• Work request
An exact copy of all the data, minus the images, is required.

• Data below
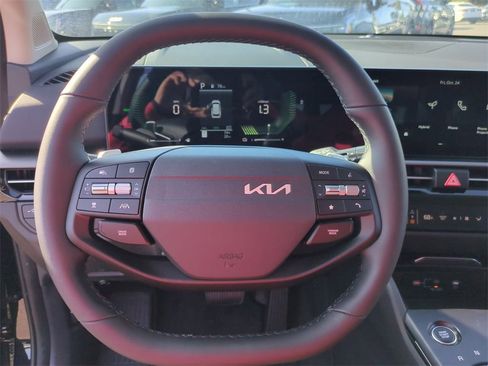 New 2026 Kia Sportage S image 14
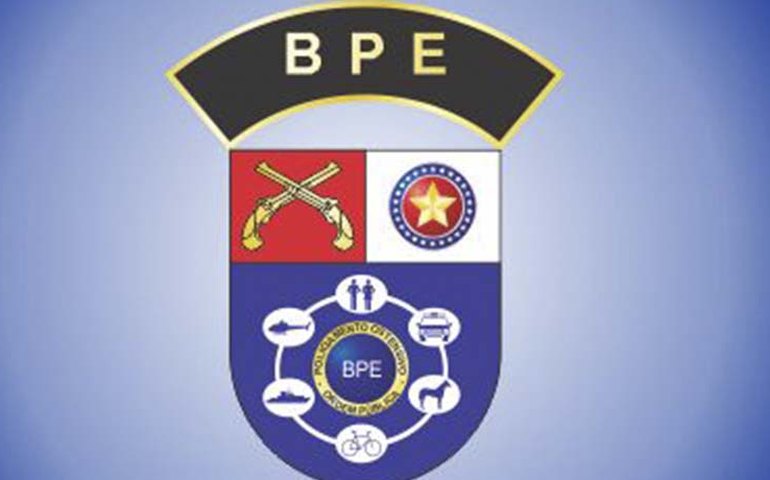 Após reforma, prefeito entrega terminal e praça no Trapiche em Maceió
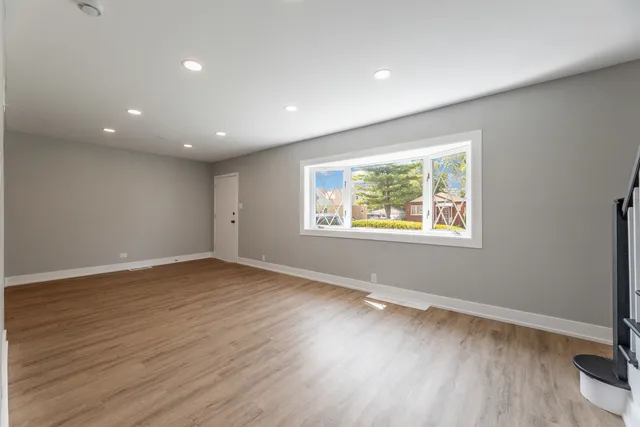 $340,000 | 6856 West Crandall Avenue, Worth, IL 60482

• Solution to the problem
 New 2026 Kia Sportage S image 14
 Após reforma, prefeito entrega terminal e praça no Trapiche em Maceió
 $340,000 | 6856 West Crandall Avenue, Worth, IL 60482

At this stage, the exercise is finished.